The federal government should strengthen intervention and teacher-training programs in science education to ensure that the nation maintains an adequate supply of scientists and engineers, a new report by the Office of Technology Assessment concludes.

Among its other proposals, the report urges the National Science Foundation's science- and engineering-education directorate to strengthen its role as the lead agency responsible for science-education programs from elementary school through college.

Copies of "Educating Scientists and Engineers: Grade School to Grad School'' can be obtained by writing the U.S. Government Printing Office, Superintendent of Documents, Washington, D.C. 20402, or by calling (202) 783-3238. The stock number is 052-003-01110-7; the price is $6.


A House-Senate conference committee is working to iron out differences between bills reauthorizing the National Science Foundation.

The Senate version of HR 4418 would extend NSF programs for five years, with an appropriations ceiling that would start at $2.05 billion in fiscal 1989 and rise to $3.2 billion by 1993. Of the 1989 total, $171 million would go to science- and engineering-education programs, with $108.5 million earmarked for precollegiate initiatives.

The House bill would extend the agency's programs for only two years. It includes the same funding ceiling for 1989, but only $170 million for education programs and no specific set-aside for precollegiate programs.


Officials of the Corporation for Public Broadcasting have charged that children's programming on public television could be jeopardized under a proposal currently before Congress.

The CPB reauthorization bill recently approved by he Senate Commerce Committee would divert to local stations 80 percent of the money that now goes to the corporation to develop programming.

The measure was sponsored by Sen. Daniel K. Inouye, Democrat of Hawaii, who has expressed concern that politics has guided the programming decisions of theCPB, whose members are appointed by the President.

The CPB's leaders respond that if funding decisions are left to local stations, such programs as "Generation at Risk,'' about teen problems, might go unfunded.


The House Ways and Means Committee has passed tax-corrections legislation that would revive a tax exemption for employer-paid educational assistance.

But the bill would limit the tax break to $1,500 a year in tuition benefits and would cover only undergraduates and teaching and research assistants.
Thus, most teachers seeking continuing-education credits would not be eligible.


The Education Department has set final research priorities that will serve as a guide for funding decisions for the next two years.

Among the wide variety of topics listed as priorities are: the teaching and learning of language skills for limited-English-speaking students; the impact of state and local reform measures; the impact of family, culture, and community on education; and the various options for offering parents a choice in their children's schooling.

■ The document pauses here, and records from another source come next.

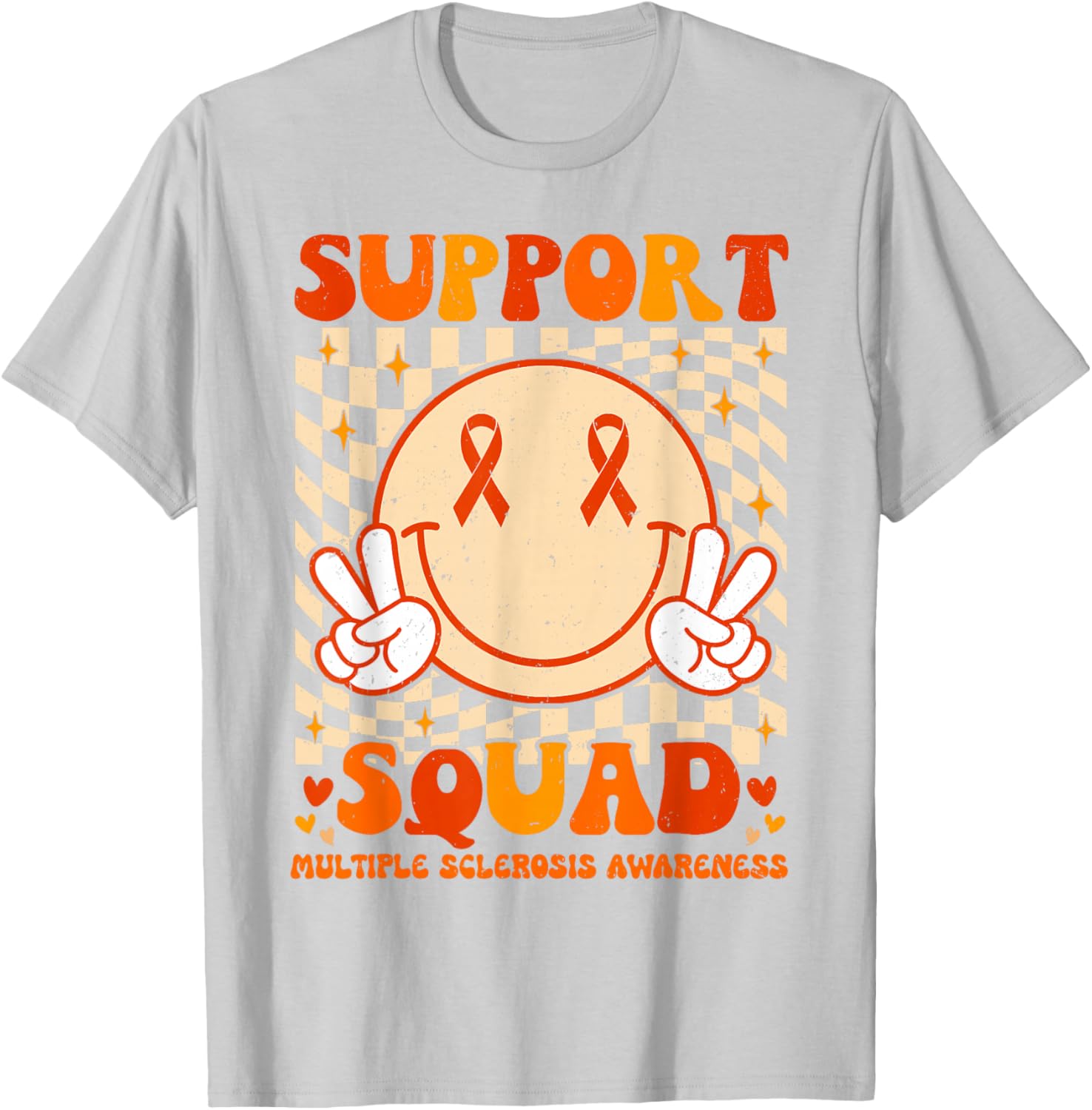 Motivation Support Multiple Sclerosis Awareness T-Shirt for MS Warriors - 2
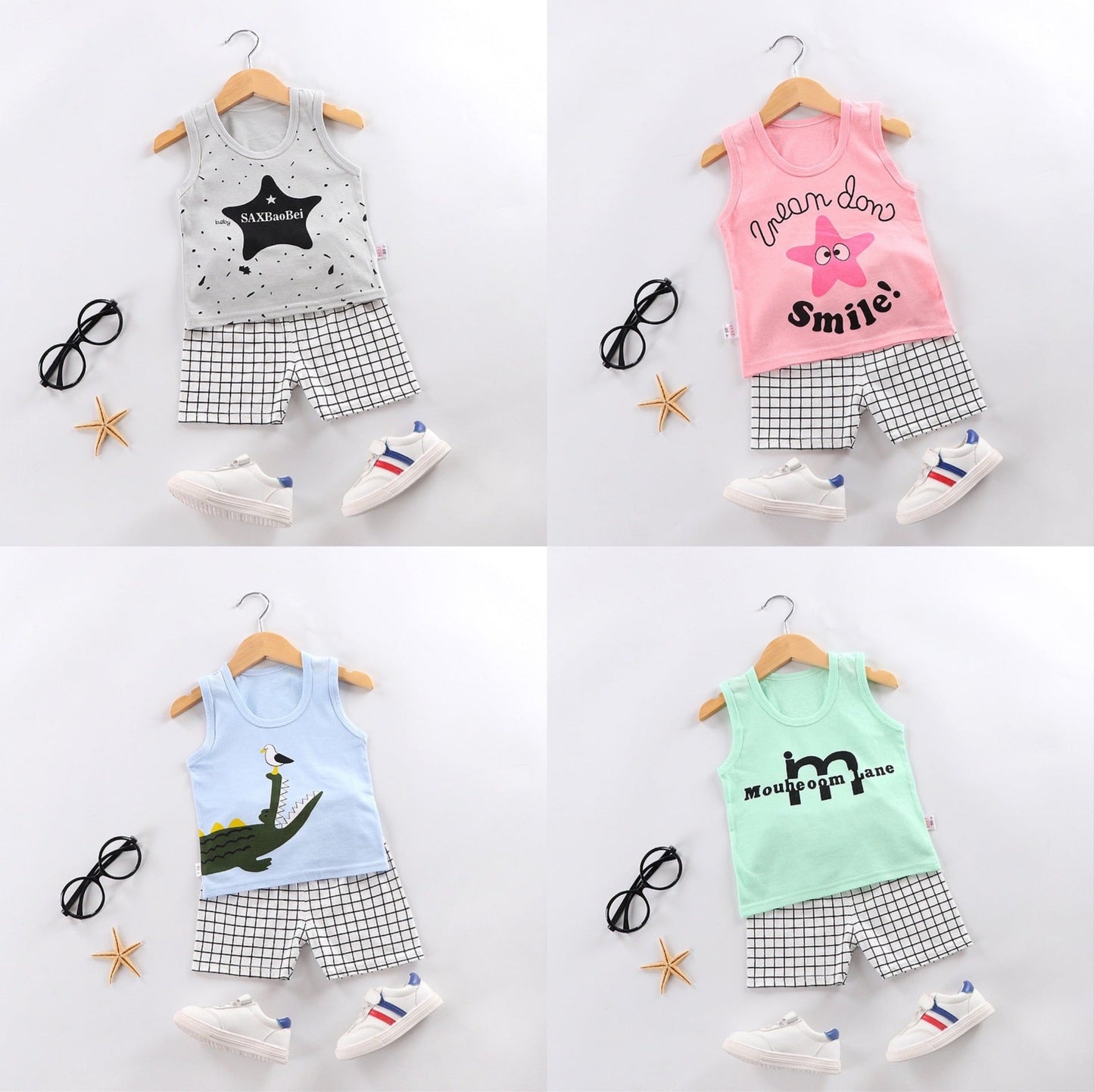 Kids Vest Set Cotton Baby Clothes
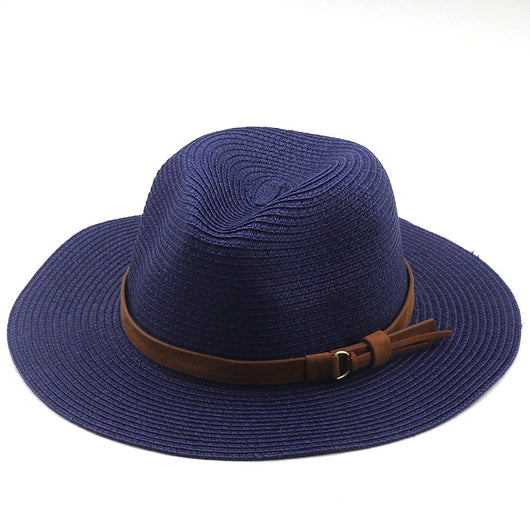 Sombrero de Paja para Playa con Protección Solar para Mujer - Image 4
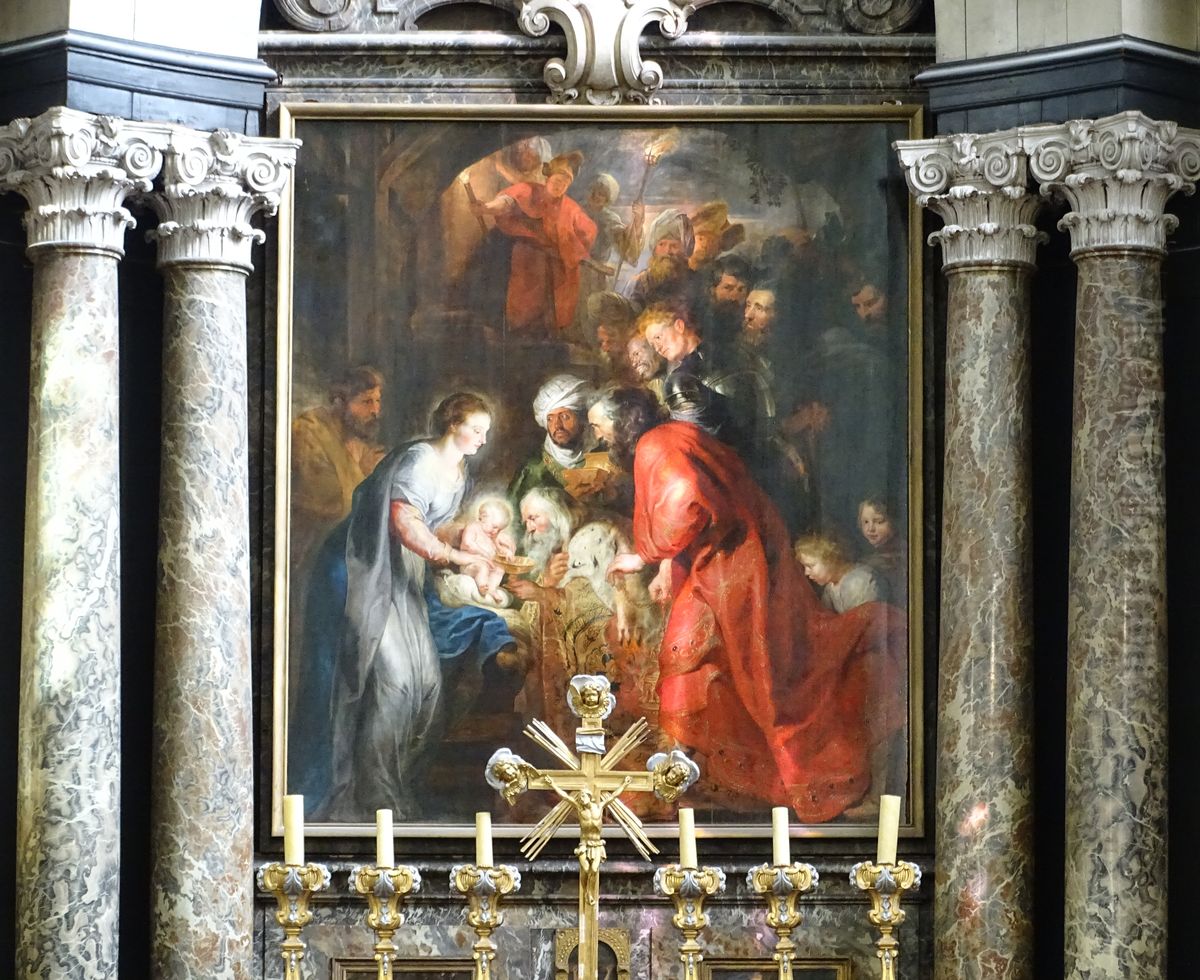 Adoration of the Magi, Mechelen Oil Painting by (studio of) Rubens, Peter Paul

The department has also issued final regulations tightening the accreditation process for postsecondary institutions.

The new rules, published July 1, call for accrediting agencies to use tougher criteria to assess how well colleges and other institutions are educating their students.

Among the factors to be considered are: test results, graduates' success rates on licensing examinations, job-placement rates, and admission into graduate and professional schools.

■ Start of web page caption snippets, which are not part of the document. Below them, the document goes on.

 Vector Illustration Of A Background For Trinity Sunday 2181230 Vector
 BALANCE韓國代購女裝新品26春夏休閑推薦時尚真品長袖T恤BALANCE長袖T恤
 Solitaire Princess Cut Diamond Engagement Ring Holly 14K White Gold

A Presidential panel on AIDS has endorsed its chairman's call to provide comprehensive health-education to all schoolchildren by the year 2000.

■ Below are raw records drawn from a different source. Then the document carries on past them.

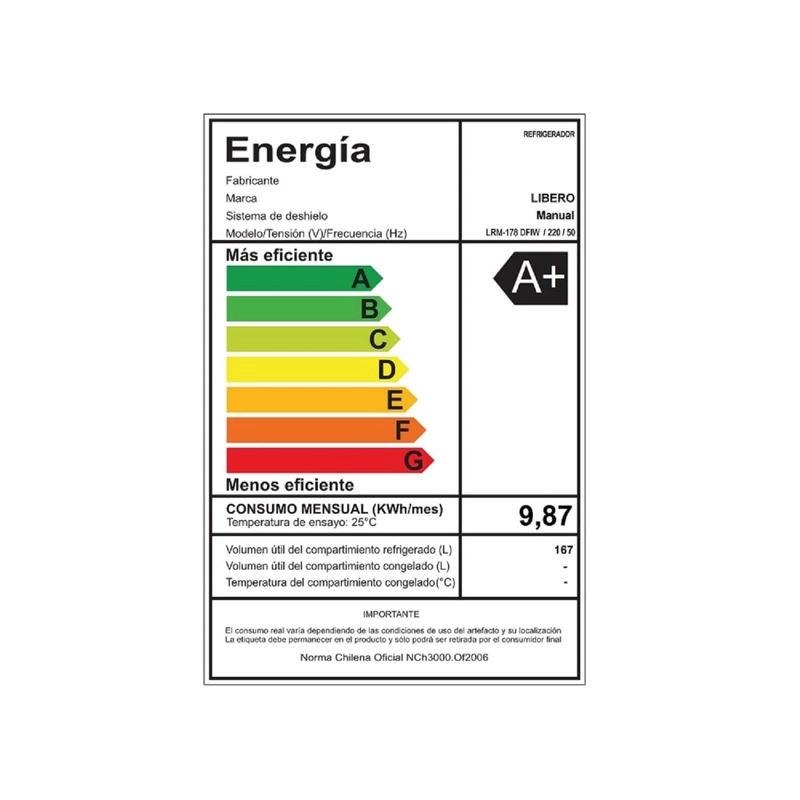 REFRIGERADOR FRIO DIRECTO 167 LTS LRM-178DFIW INOX - 11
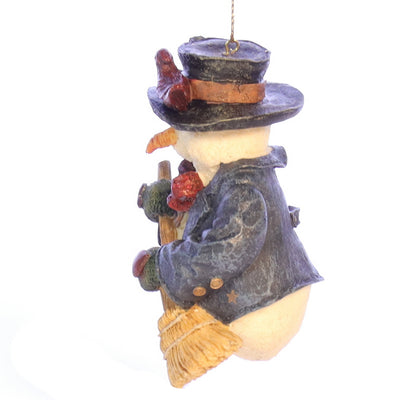 The Folkstone Collection 2565 Willie with Broom Christmas Ornament 1996 Box Left Side View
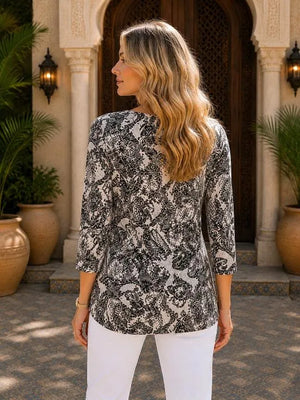 Digital 3/4 Sleeve Tee - Shastri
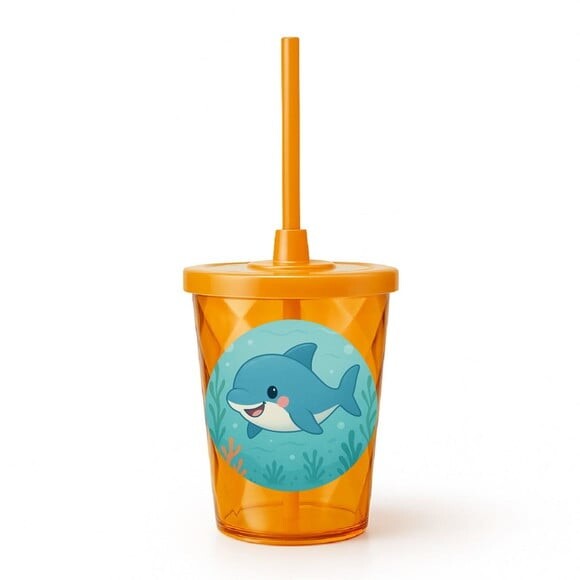 Copo Twister Personalizado 300ml Tubarãozinho Fofo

In its final report, the Presidential Commission on the Human Immunodeficiency Virus Epidemic recommended that school districts immediately begin teaching elementary and secondary students about the disease. It also called for an end to the "acrimonious'' debate about the content of AIDS-education programs.

Research on counseling-practices assessment was inadvertently omitted from proposed priorities published in November, but the department included these projects in the final notice.